A woman has been left “very disappointed” after seven Supreme Court justices dramatically reduced a figure of more than £160,000 awarded to her by the Court of Appeal out of her estranged mother's will.
The ruling was welcomed by animal charities named in the will who said it confirmed the right of individuals “to choose who will inherit when we die”. They were due to receive the majority of the £486,000 estate.
Heather Ilott, an only child, was deliberately cut out of the will when she was rejected by her mother at the age of 17 after leaving home to live with her boyfriend in 1978.
Mother and daughter remained estranged for some 26 years right up to her mother's death, aged 70, in 2004.
Melita Jackson left the majority of her £486,000 estate to three animal charities - Blue Cross, the RSPB and the RSPCA.
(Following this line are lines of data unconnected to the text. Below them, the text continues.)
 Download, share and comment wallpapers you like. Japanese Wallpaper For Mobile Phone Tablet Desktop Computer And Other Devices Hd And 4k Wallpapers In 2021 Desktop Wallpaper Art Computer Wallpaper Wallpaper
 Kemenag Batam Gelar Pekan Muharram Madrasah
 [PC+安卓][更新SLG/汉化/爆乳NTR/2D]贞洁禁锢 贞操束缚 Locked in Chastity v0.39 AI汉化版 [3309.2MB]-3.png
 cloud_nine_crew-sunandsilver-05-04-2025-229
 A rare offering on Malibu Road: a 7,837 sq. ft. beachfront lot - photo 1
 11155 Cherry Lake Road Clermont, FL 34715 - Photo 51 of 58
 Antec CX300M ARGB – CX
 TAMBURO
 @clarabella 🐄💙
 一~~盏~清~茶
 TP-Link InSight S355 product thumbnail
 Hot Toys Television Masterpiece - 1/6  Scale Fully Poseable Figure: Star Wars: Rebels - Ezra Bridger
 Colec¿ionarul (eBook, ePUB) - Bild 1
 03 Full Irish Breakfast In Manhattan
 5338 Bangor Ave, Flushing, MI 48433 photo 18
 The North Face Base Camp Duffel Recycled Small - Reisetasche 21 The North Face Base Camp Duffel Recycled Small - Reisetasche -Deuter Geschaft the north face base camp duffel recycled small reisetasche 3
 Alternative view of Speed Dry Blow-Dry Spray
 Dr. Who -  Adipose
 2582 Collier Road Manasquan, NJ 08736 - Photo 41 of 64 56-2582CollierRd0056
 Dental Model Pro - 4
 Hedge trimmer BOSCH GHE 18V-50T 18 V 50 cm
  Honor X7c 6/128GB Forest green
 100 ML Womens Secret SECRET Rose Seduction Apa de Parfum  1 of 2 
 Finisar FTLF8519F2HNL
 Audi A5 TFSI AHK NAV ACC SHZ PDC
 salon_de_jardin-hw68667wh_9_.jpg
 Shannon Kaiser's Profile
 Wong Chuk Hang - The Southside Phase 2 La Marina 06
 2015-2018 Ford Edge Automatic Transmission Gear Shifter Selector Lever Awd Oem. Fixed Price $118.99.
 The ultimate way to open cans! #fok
She instructed her executors to defend any attempt by her daughter to contest her decision.
But Mrs Ilott, who married her boyfriend and has five children of her own, applied for a share of the will under inheritance laws which allow, in certain circumstances, those closely connected to the will maker to apply for maintenance if the will fails to make reasonable financial provision.
As a daughter Ms Ilott, now in her 50s, from Great Munden, Hertfordshire, qualified for an award under the Inheritance (Provision for Family and Dependants) Act 1975 because she and her husband, Nicholas, were living on a very restricted income, mostly benefits.
A district judge ruled in 2007 that she should receive £50,000, but appeal judges more than tripled the award to £160,000.
They ruled the district judge had made “identifiable errors of principle”, and awarded Ms Ilott £143,000 to buy, at a sitting tenant's discount, the housing association home where she and her family lived, plus an option to receive £20,000 more in one or more instalments.
But the Supreme Court, the UK's highest court, unanimously allowed an appeal by the animal charities.
The Supreme Court panel of justices - the president Lord Neuberger sitting with deputy president Lady Hale and Lords Hughes, Kerr, Clarke, Wilson and Sumption - agreed it was the appeal court that had fallen into error.
In the lead ruling, Lord Hughes said of the district judge's award: “It was in fact an award which met many of Ms Ilott's needs for maintenance.
“There was nothing about it which was outside the generous ambit of judgment available to him. His order ought to be restored.”
In a judgment providing guidance for future cases, he also observed: “Unlike some other systems, English law recognises the freedom of individuals to dispose of their assets by will after death in whatever manner they wish.”
The animal charities were “the chosen beneficiaries of the deceased. They did not have to justify a claim on the basis of need under the 1975 Act, as Mrs Ilott necessarily had to do.”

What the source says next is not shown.